Making Connections
March 6, 2003 | Read Time: 1 minute

Photograph by Alain McLaughlin
Despite significant changes in the way society treats people with disabilities, many still find themselves isolated in their communities, unable to pursue educational opportunities or find jobs.
The Community Technology Foundation of California, in San Francisco, is looking to technology designed specifically for people with disabilities as one way to remedy that problem, and to help disabled people improve their lives by connecting more fully with the world around them.
The foundation awards grants to organizations that help people with disabilities learn how to take advantage of accessibility features that are built into computers’ operating systems and how to use specialized equipment designed for people with disabilities, such as screen magnifiers and text readers.
Among the other projects, the foundation supports a documentary — the working title of the film is Freedom Machines — that shows how people with disabilities are using specially designed technology; and an online database that features “disability-friendly destinations” in California, such as restaurants, stores, and transit systems.
The Community Technology Foundation of California also works to bring the benefits of information technology to poor people, members of minority groups, rural residents, and people who do not speak English.
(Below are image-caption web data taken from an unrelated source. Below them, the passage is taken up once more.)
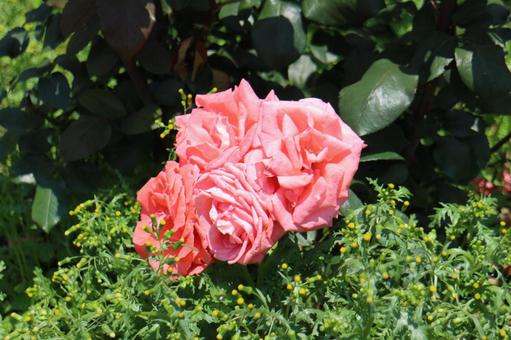 薔薇のブーケ 薔薇のブーケの写真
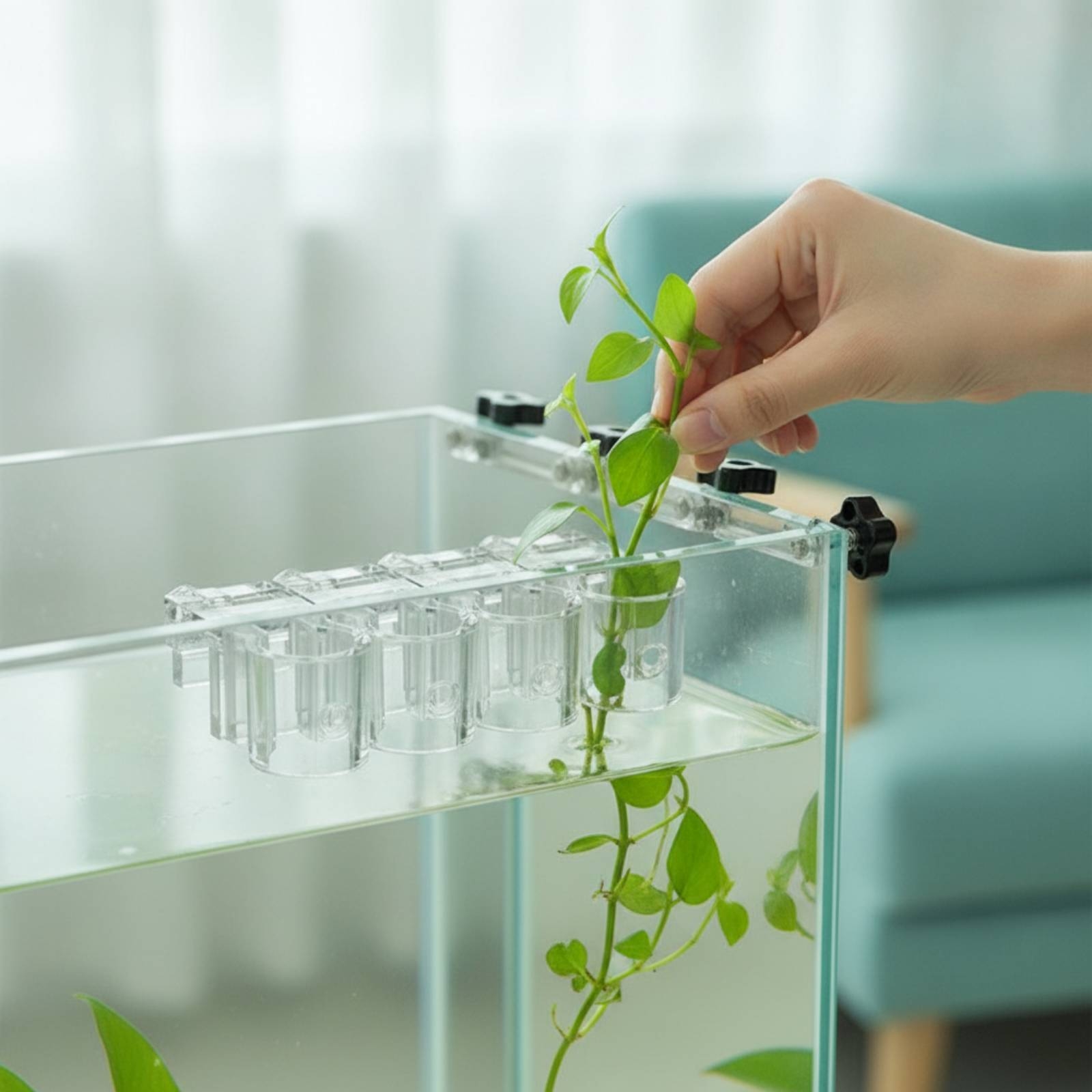 Aquarium Plant Original - Lot de 6 supports transparents pour
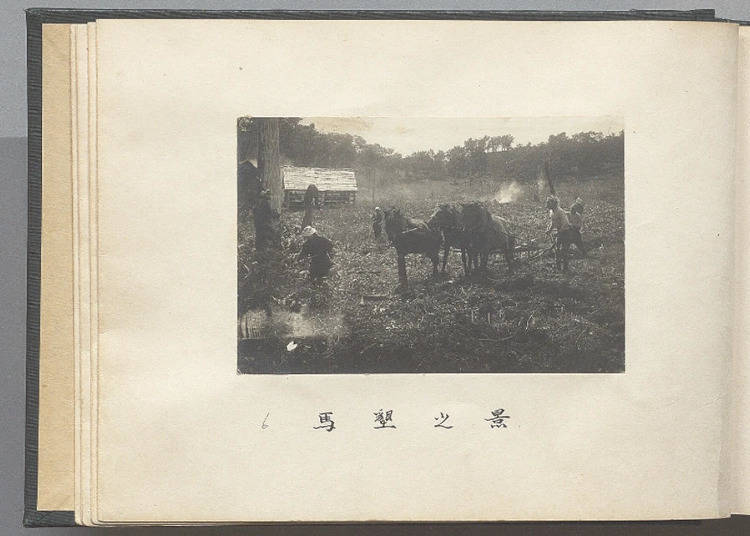 ▲During Hokkaido’s pioneering era, horses were both an essential source of power and part of the family for farmers (Photo: Hokkaido University Northern Studies Collection)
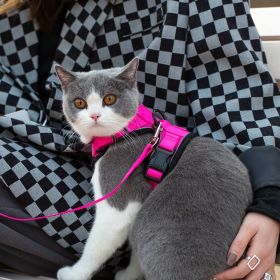 Mr. Peanut's PurrTrek Reflective Cat Harness with Matching Leash (Color: Pink, size: X Small)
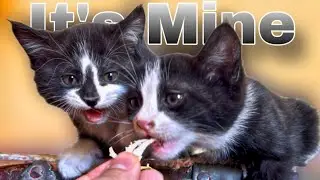 For a Few Chickens 🐾😼 Satisfying ASMR Movie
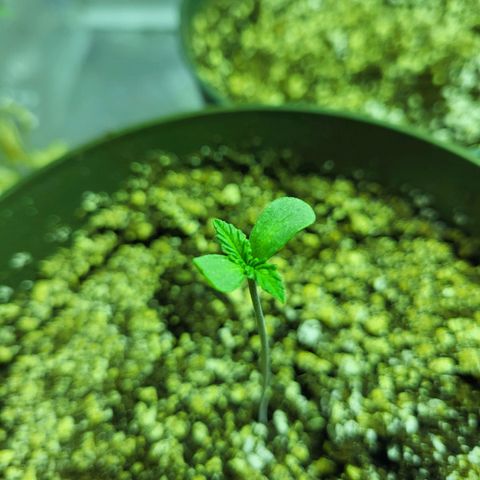 Black gorilla growlog photo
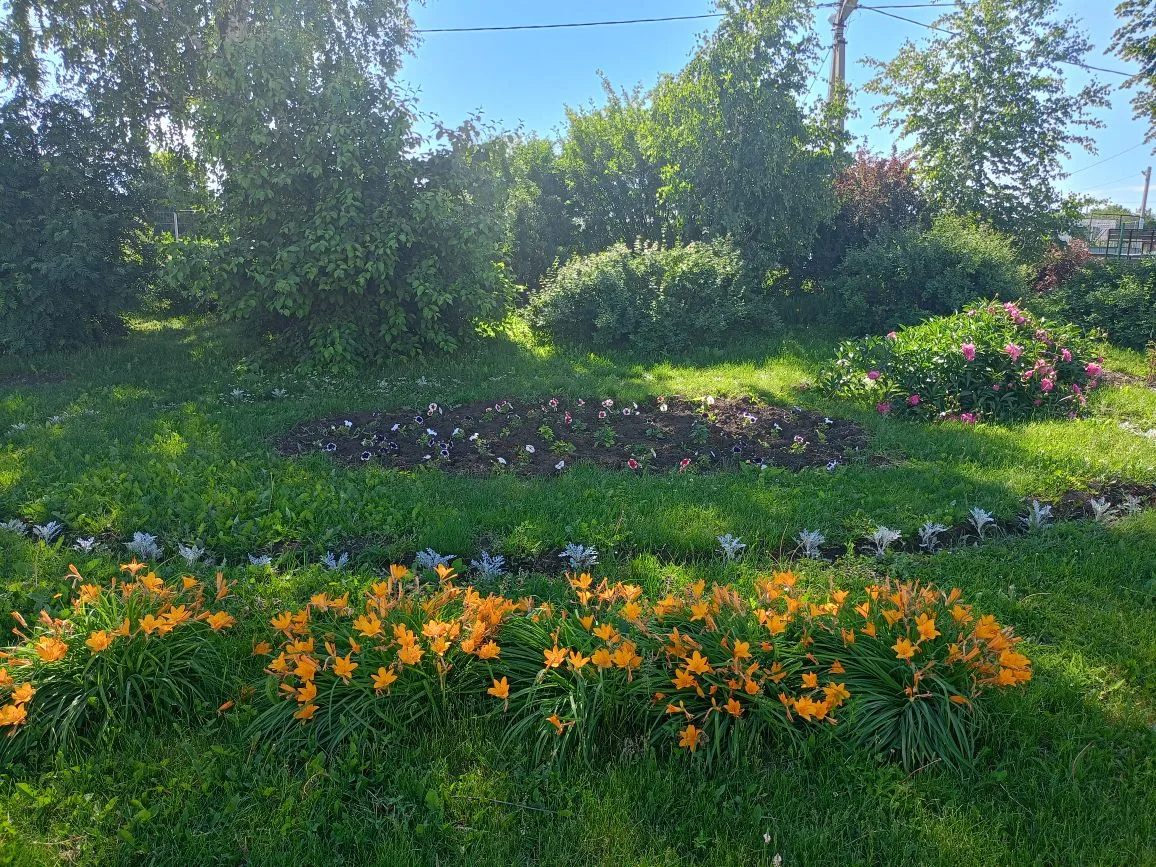🌺 В преддверии Дня России по всей стране стартовала акция «Цветы России» в рамках проекта #РодинойГ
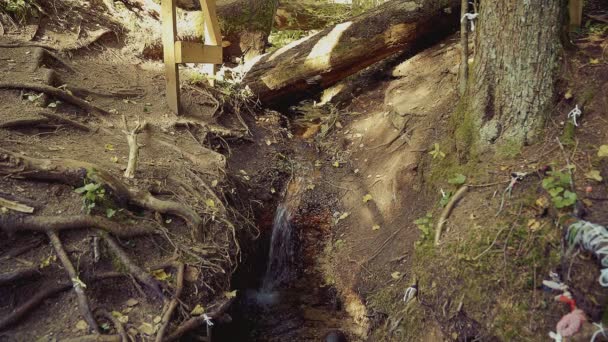 Small Waterfall Stream Mysterious Forest — Video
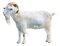 chèvre - darmowe png animowany gif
It was created in 1998 by an agreement among nine coalitions that represented 134 civil-rights and disability groups and two telecommunications companies, Pacific Telesis and SBC Communications, that merged to become Pacific Bell.
As part of the companies’ merger plan, Pacific Bell agreed to provide $50-million to the foundation over 10 years. Of the nearly $5-million the foundation awarded in 2002, $807,000 went to disability projects.
Here, clients at Blindness Support Services, in Riverside, Calif., use screen-magnification software in the organization’s computer laboratory.